Campbell Soup Infuses Martech Strategy With the Human Factor
People power everything, says Samuel Monnie, director of digital transformation at Campbell Soup Company. And no matter whether it’s the company’s customers or his own colleagues, people make decisions based on emotion. Modern marketing may need martech to survive, but people need to understand it, have fun with it, and want to use it in order for the tools to uplift an organization.
“This is about changing people and how they do things,” says Monnie, “Not necessarily about the technology itself.” Monnie’s comments were made while speaking at FUSE Digital Marketing Summit last year during the aptly titled presentation “Why the Human Factor Is So Vital to Campbell Soup Company’s Martech Strategy.”
Implementing various digital technologies and making continual improvements takes a lot of work; but without exception, the process needs to start with one basic understanding, says Monnie.
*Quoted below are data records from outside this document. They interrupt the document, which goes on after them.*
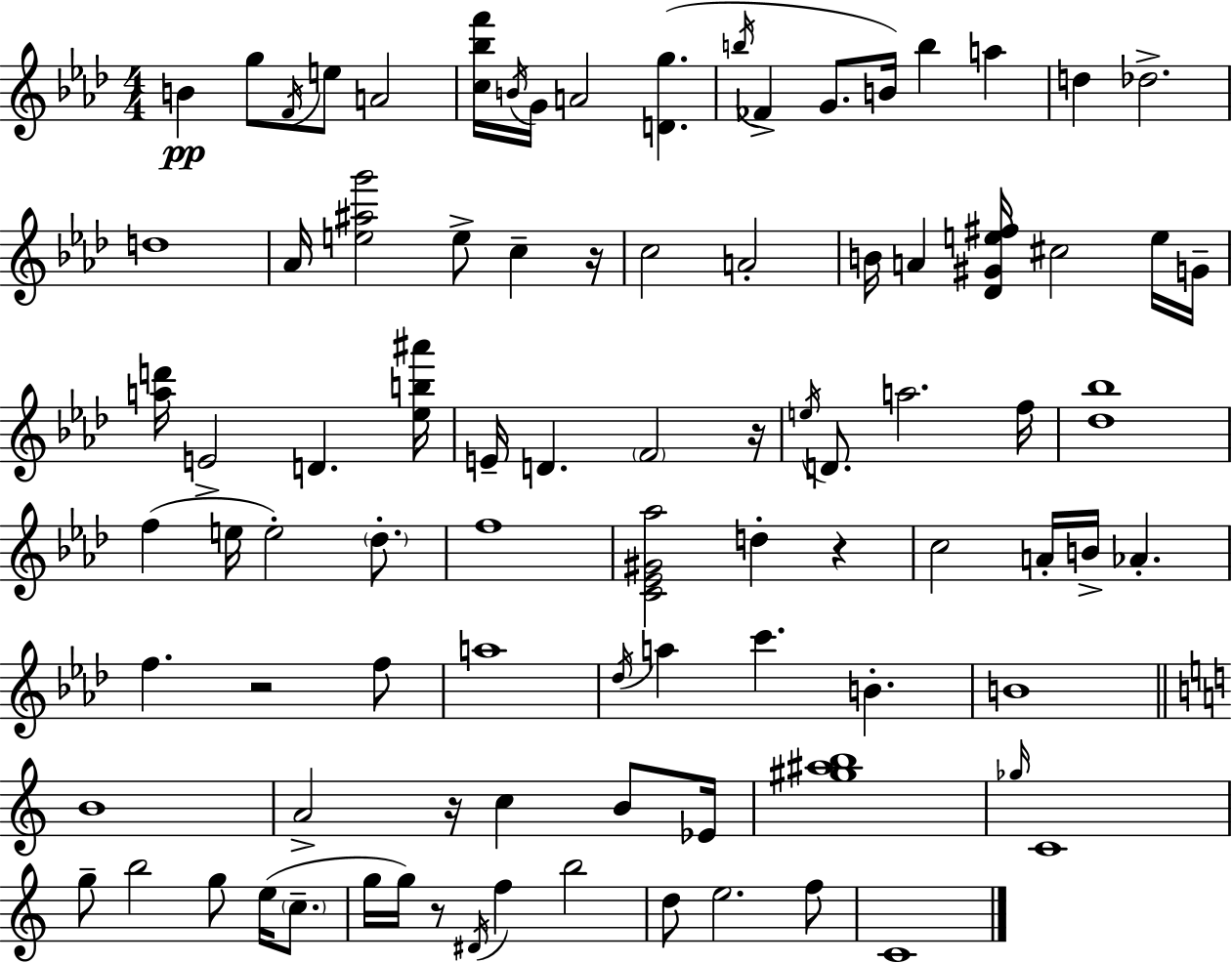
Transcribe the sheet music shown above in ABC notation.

X:1
T:Untitled
M:4/4
L:1/4
K:Ab
B g/2 F/4 e/2 A2 [c_bf']/4 B/4 G/4 A2 [Dg] b/4 _F G/2 B/4 b a d _d2 d4 _A/4 [e^ag']2 e/2 c z/4 c2 A2 B/4 A [_D^Ge^f]/4 ^c2 e/4 G/4 [ad']/4 E2 D [_eb^a']/4 E/4 D F2 z/4 e/4 D/2 a2 f/4 [_d_b]4 f e/4 e2 _d/2 f4 [C_E^G_a]2 d z c2 A/4 B/4 _A f z2 f/2 a4 _d/4 a c' B B4 B4 A2 z/4 c B/2 _E/4 [^g^ab]4 _g/4 C4 g/2 b2 g/2 e/4 c/2 g/4 g/4 z/2 ^D/4 f b2 d/2 e2 f/2 C4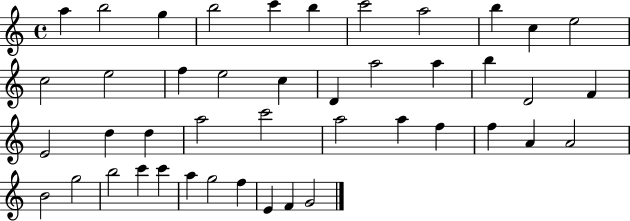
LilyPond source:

{
  \clef treble
  \time 4/4
  \defaultTimeSignature
  \key c \major
  a''4 b''2 g''4 | b''2 c'''4 b''4 | c'''2 a''2 | b''4 c''4 e''2 | \break c''2 e''2 | f''4 e''2 c''4 | d'4 a''2 a''4 | b''4 d'2 f'4 | \break e'2 d''4 d''4 | a''2 c'''2 | a''2 a''4 f''4 | f''4 a'4 a'2 | \break b'2 g''2 | b''2 c'''4 c'''4 | a''4 g''2 f''4 | e'4 f'4 g'2 | \break \bar "|."
}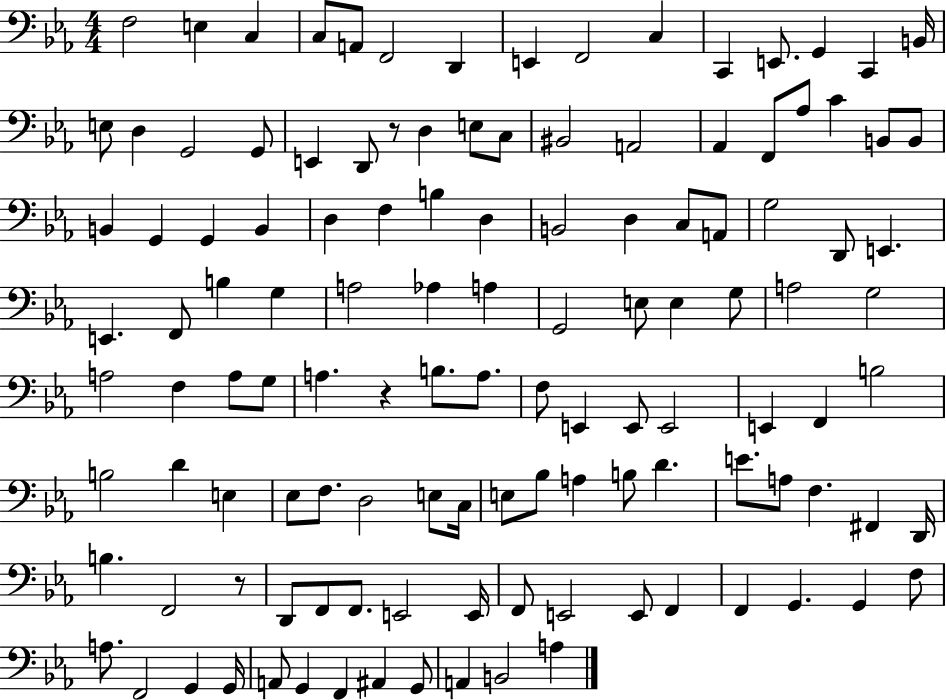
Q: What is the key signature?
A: EES major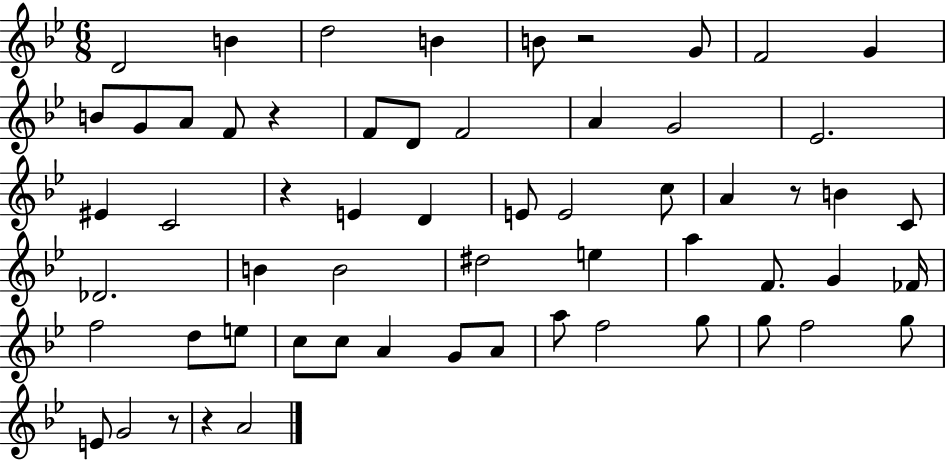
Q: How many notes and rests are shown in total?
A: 60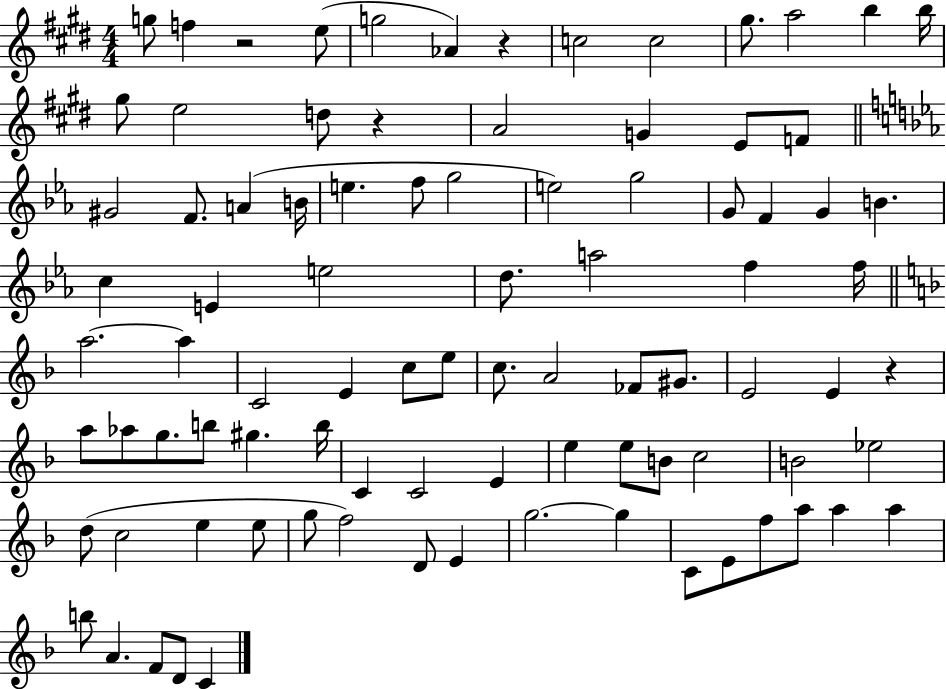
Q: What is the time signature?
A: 4/4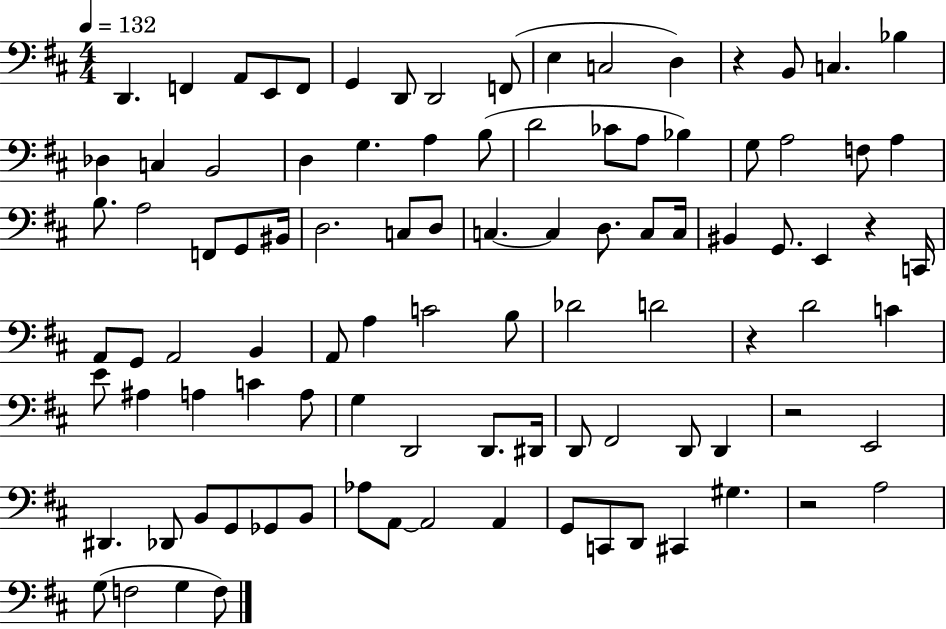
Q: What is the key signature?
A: D major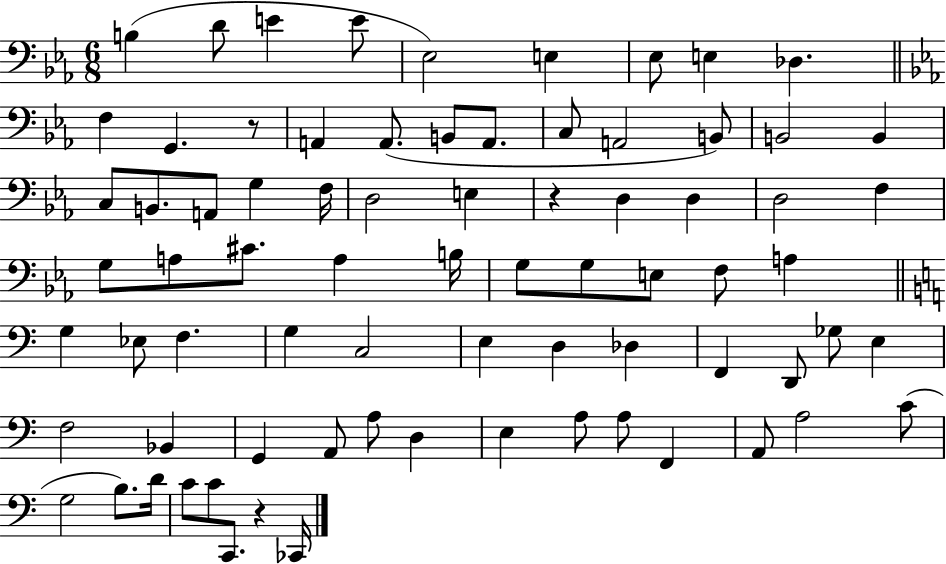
{
  \clef bass
  \numericTimeSignature
  \time 6/8
  \key ees \major
  b4( d'8 e'4 e'8 | ees2) e4 | ees8 e4 des4. | \bar "||" \break \key ees \major f4 g,4. r8 | a,4 a,8.( b,8 a,8. | c8 a,2 b,8) | b,2 b,4 | \break c8 b,8. a,8 g4 f16 | d2 e4 | r4 d4 d4 | d2 f4 | \break g8 a8 cis'8. a4 b16 | g8 g8 e8 f8 a4 | \bar "||" \break \key c \major g4 ees8 f4. | g4 c2 | e4 d4 des4 | f,4 d,8 ges8 e4 | \break f2 bes,4 | g,4 a,8 a8 d4 | e4 a8 a8 f,4 | a,8 a2 c'8( | \break g2 b8.) d'16 | c'8 c'8 c,8. r4 ces,16 | \bar "|."
}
The human factor.
“We are feeling creatures that think, and not thinking creatures that feel. Data says that 80% of what we do is through emotions — through subconscious or gut feel. And we, perhaps, rationalize 20% of whatever we do. So if you’re dealing with human beings, you’re essentially dealing with emotional beings or emotional animals.”
To be successful with digital technology, Monnie says organizations need to connect technology to business priorities, embed it into day-to-day processes of marketers, and focus on increasing people’s capability for using it. This is a matter of changing behavior, not just “training.”
“Understanding and working with the human viewpoint is critical for everything that we do,” says Monnie of his company’s approach. “Growth comes from changing behavior, so for all of what we’re doing, all of the technologies, platforms, resources, and techniques — it’s all about driving growth for the businesses or brands. But it [requires] changing behavior of what we were doing in the past to doing something new in
Campbell Soup has broken its plan for increasing martech capability into three phases, Brand Impact 1.0, 2.0, and 3.0.
• Brand Impact 1.0 — Provide A Simple & Clear Way. This step requires determining a clear and simple roadmap for working with technology and communicating it to the organization.
• Brand Impact 2.0 — Embed for Success & Master Priorities. This phase calls for identifying KPIs, engaging leadership, aligning with HR and people processes, recognizing best practices to embed into the organization, and deep-dive training to master the skills.
• Brand Impact 3.0 — Consistently Improve. Eventually, Monnie wants Campbell’s marketers to be able to consistently improve and reach higher levels of achievement.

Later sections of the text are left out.